JG: I think the recent discussion has been really good. Two things:
- Agreeing on how much required overhead tracking would have
- Whether roundtrips are required for some implementations
MM: let’s discuss the second one first. Any impl that doesn’t want to map something till JS calls map(), and has a GPU process, would require round-trip to GPU process, which would be async.
CW: true, if we want to make sure the buffer is 100% not in use by the GPU, and assuming the buffer is in use except when it isn’t. Possible for client side to be pessimistic about when the buffer’s in use.
MM: other consideration: perhaps not wanting to make copy on reads, but maybe for writes.
JG: Need round trip because data isn’t ready? I’m assuming many impls will have shared memory region for mappable buffers that’s mapped into both the parent and child processes.
MM: so the actual map() call needs to tell the GPU process to map it.

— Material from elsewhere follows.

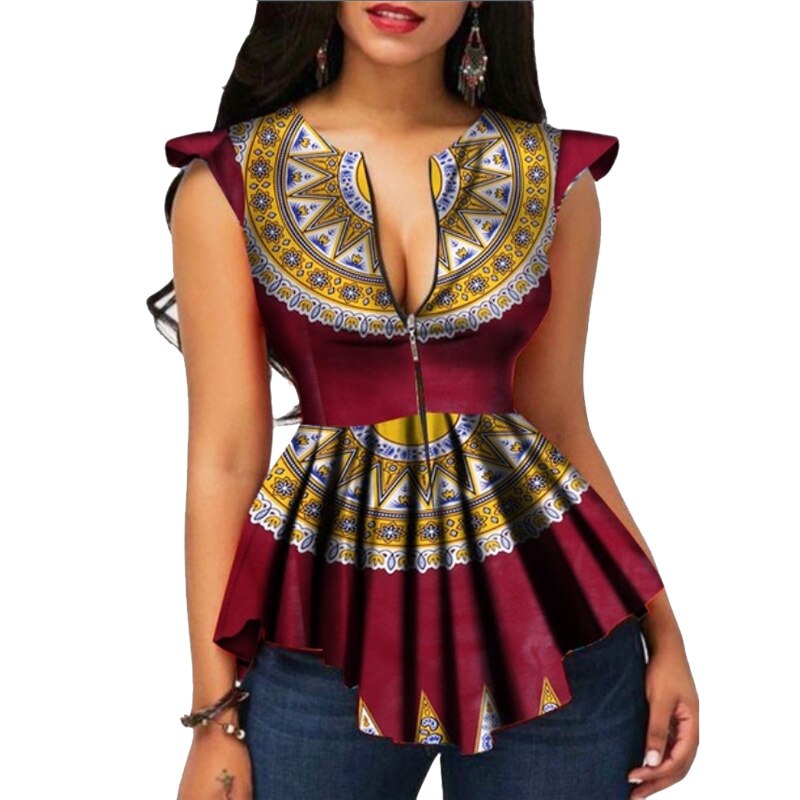 AFrican Clothing Top Dashiki Print Sexy Ankara Plus Size S-2XL Summer T-shirts Ethnic Short Sleeve Ladies African Dress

JG: could leave it mapped all the time.
MM: Don't think that's possible to map buffer at all times because it increases the number of pinned pages, which talking to kernel team is bad (less freedom to relocate pages). Natural result is that mapping shouldn’t happen by the browser until JS asks for it.
KR: In remote GPU process implementations, a map call might not call the driver's map. It can just allocate a shmem. In WebGL JG found a smart design for map read where there is no blocking <...>
JG: Basically, knowing which fences guarantee the completion of which operations lets you do this. If you enqueue a copy from a buffer to a buffer and then map it, you know you can map it as soon as the fence passes. Once you know the fence has passed, it can be immediately mapped.
MM: think that’s not true in a GPU process arch. Have to ask the GPU process to do the mapping.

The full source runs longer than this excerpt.